Carmouche and his law firm, Talbot Carmouche and Marcello, handle about three-fourths of all legacy cases, and he’s portrayed by the oil industry and its allies as the greediest of the bunch.
When Carmouche complained about being left out of the latest legislative effort to improve cleanup, Landry said, “We have ample evidence of abuse where they have been involved, so I can’t image why it would make sense to include them in discussions about how to resolve that.”
For his part, Carmouche has exposed embarrassing internal oil company documents from the 1930s through the 1980s showing that companies knew their unlined waste pits and toxic brines were causing environmental damage, acknowledged that state enforcement was "slack" and understood that they were exposing themselves to big lawsuits, but did nothing.
“The sad part is, who becomes the bad guy?” Carmouche said. “I go down to the Legislature and landowners, for suing oil companies, are called (for) filing frivolous lawsuits, committing fraud, holding oil companies hostage?”
Indeed, Jindal recently emphasized the idea that another legislative fix was needed to stop “frivolous” legacy lawsuits, even though there is already law in place to punish plaintiffs for bringing frivolous cases and no legacy case has ever been found in violation.
Nothing may capture the ludicrous nature of the impasse better than an arcane legal lecture given by a petroleum engineer in 2006.

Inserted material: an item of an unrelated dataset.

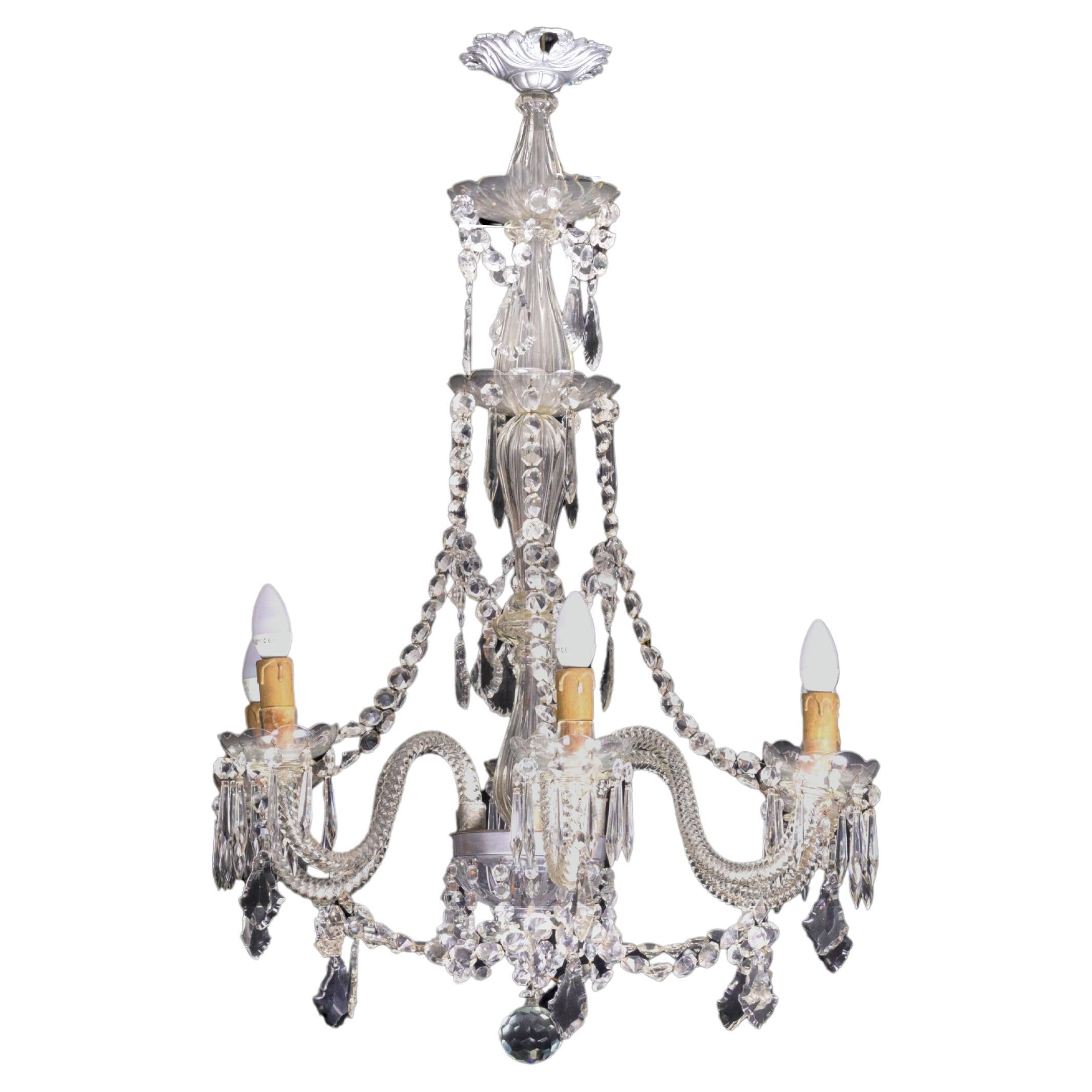 Murano Style Six Arms Chandelier, 20th Century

Oil industry lobbyists and tort reform groups have used video clips of consultant Bill Griffin, the star plaintiff’s witness in the first big legacy lawsuit, to allege a dastardly trial lawyer plot to raid Big Oil’s “deep pockets” and unfairly blame them for damage they had nothing to do with.
Griffin even offers a PowerPoint with his “11-step plan on how to win this lottery.”
The idea is that it’s a real window into the way some trial lawyers build their cases, and it may be. But a little digging reveals that Griffin is actually speaking to a conference of oilmen and industry attorneys, and viewing the full, unedited video shows that Griffin has changed sides.
“I don’t know how I’m coming across, but I actually defend these things,” he says at one point, drawing relieved laughter from the pro-oil crowd.
Griffin did not respond to several phone calls seeking comment.